Last night I heard a first hand account from a woman who is leaving another local dojo that her son was at and is now having her son attend ours. 

Its seems that the other owner/instructor belittles his students. For instance he allegedly told a young boy student in front of the class that he is too wimpy and that if he cant be tougher that he will have to wear a pink belt.

He also allegedly said to one parent when they arrived to class "Hey name a little late with the payment." The parent then said that it was an oversight and that he should of just pulled him asside instead on mentioning it infront of all the parents. The instructor then said "If you got a problem with that then let's step outside and I'll give you the fist punch." The kicker though is when he didn't like a boy's haircut. The child arrived for class and was allegedly told by the instructor/owner "I told you last week to get a haircut." The instructor/owner then took the child out of class to the barber shop next door and made him get a buzz cut. 

Well he is now facing charges of assult and mental anguish.
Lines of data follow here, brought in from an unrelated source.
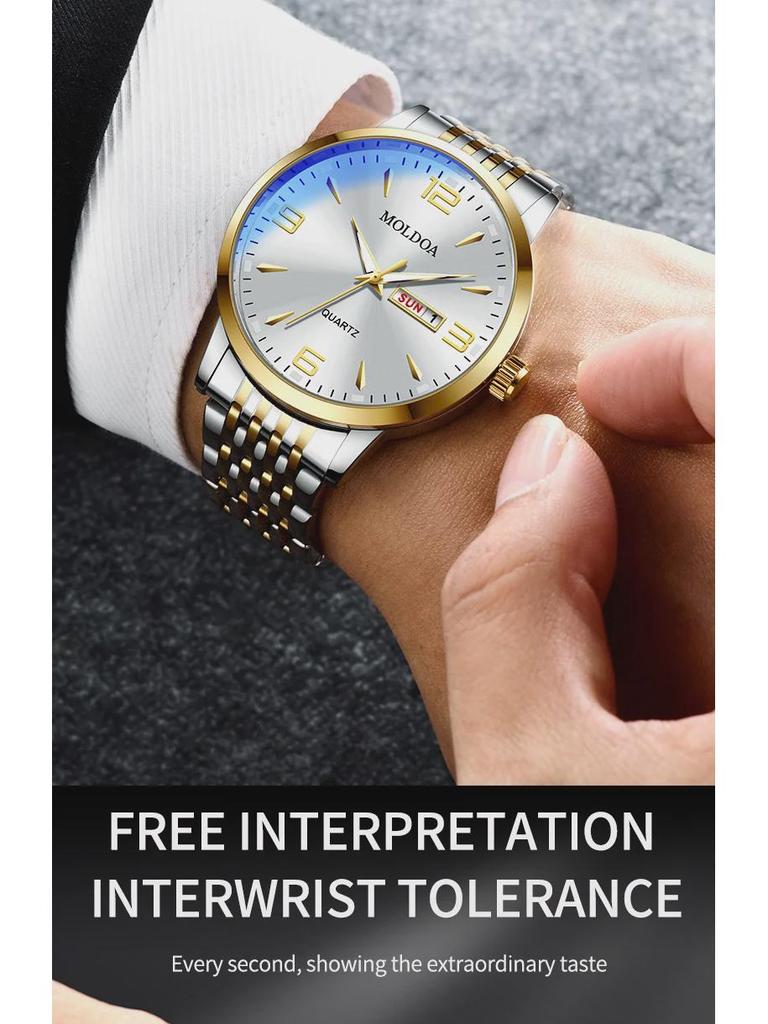 Men's Fully Automatic Luminous Calendar Watch - Mechanical Style, Waterproof, One-Piece Delivery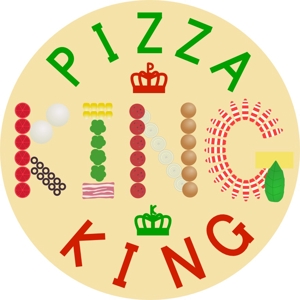 prsncrさんのピザ専門店「PIZZA KING」のロゴ作成依頼への提案
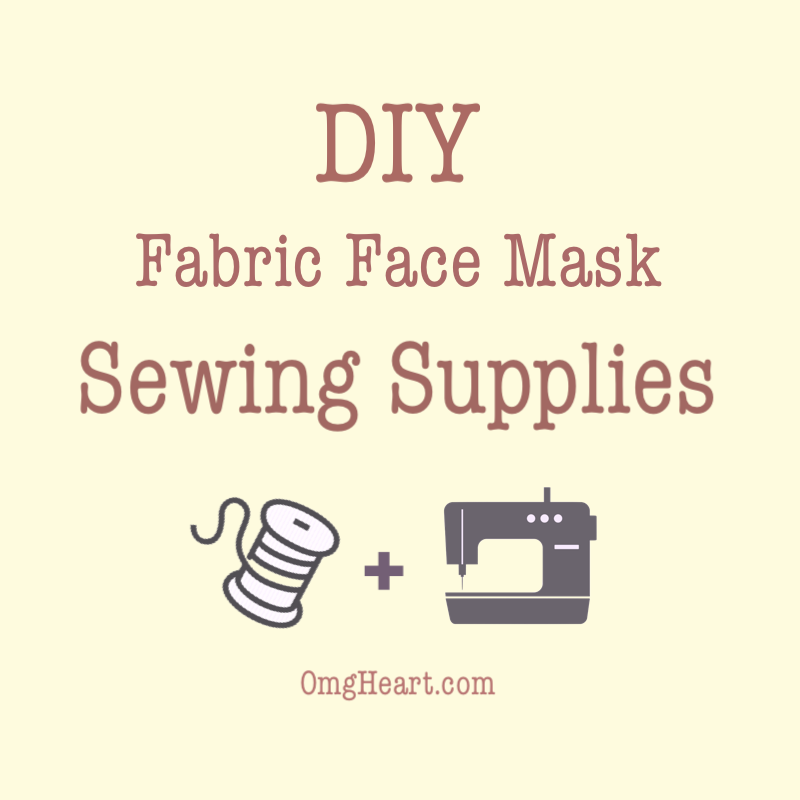 DIY Fabric Face Mask Supplies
Makes me sick that someone like this exsists. Rather that becoming a mentor and help in shaping a childs life in a poitive way they just decide to emotionally destroy them.


----------



## tradrockrat (Feb 16, 2006)

I know it's wrong and I really wouldn't do this, but sometimes I feel like I (or someone) should go to guys like that and take him up on that first punch offer...

People like that shouldn't exist outside of bad movies.


GGAAAHHHHH!!!!!!!  This stuff pisses me off!:mp5:


----------



## shesulsa (Feb 16, 2006)

** Moderator note** Thread moved to Horror Stories.

G Ketchmark / shesulsa
Senior Mod.


----------



## OnlyAnEgg (Feb 16, 2006)

People like that will get what they give out sooner or later.


----------



## Touch Of Death (Feb 16, 2006)

Not every one is cut out to just free wheel a Karate school even while they may possess untold martial arts knowledge. You have to enforce standards and billing, but occasional outbursts are not the way to go about it. Perhaps someone could suggest to him a billing organization. That takes those details out of his hands.
Sean


----------



## Kenpobldr (Feb 16, 2006)

tradrockrat said:
			
		

> I know it's wrong and I really wouldn't do this, but sometimes I feel like I (or someone) should go to guys like that and take him up on that first punch offer...
> 
> People like that shouldn't exist outside of bad movies.
> 
> ...


 
We need a secret *vigilante board of black belts.*

Mods- sorry that I posted in the wrong place.


----------



## Kenpobldr (Feb 16, 2006)

Touch Of Death said:
			
		

> Not every one is cut out to just free wheel a Karate school even while they may possess untold martial arts knowledge. You have to enforce standards and billing, but occasional outbursts are not the way to go about it. Perhaps someone could suggest to him a billing organization. That takes those details out of his hands.
> Sean


 
The billing wouln't be the major issue, it would be how he treats the children.


----------



## Drac (Feb 16, 2006)

OnlyAnEgg said:
			
		

> People like that will get what they give out sooner or later.


 
Let us hope its sooner..


----------



## Touch Of Death (Feb 16, 2006)

Kenpobldr said:
			
		

> The billing wouln't be the major issue, it would be how he treats the children.


Good billing organizations tell you how to treat your costomers or they don't make any money.
Sean


----------



## Flying Crane (Feb 16, 2006)

wow, man, just wow!  amazing.  How do these people get by in life?  unbelievable.


----------



## OnlyAnEgg (Feb 16, 2006)

Touch Of Death said:
			
		

> Good billing organizations tell you how to treat your costomers or they don't make any money.
> Sean


 
A good billing company can't tell you how to be a decent human.


----------



## Andrew Green (Feb 16, 2006)

Quite the power trip this guy is on, guess he takes the movie version of the martial arts master with complete say over all his students a little too seriously...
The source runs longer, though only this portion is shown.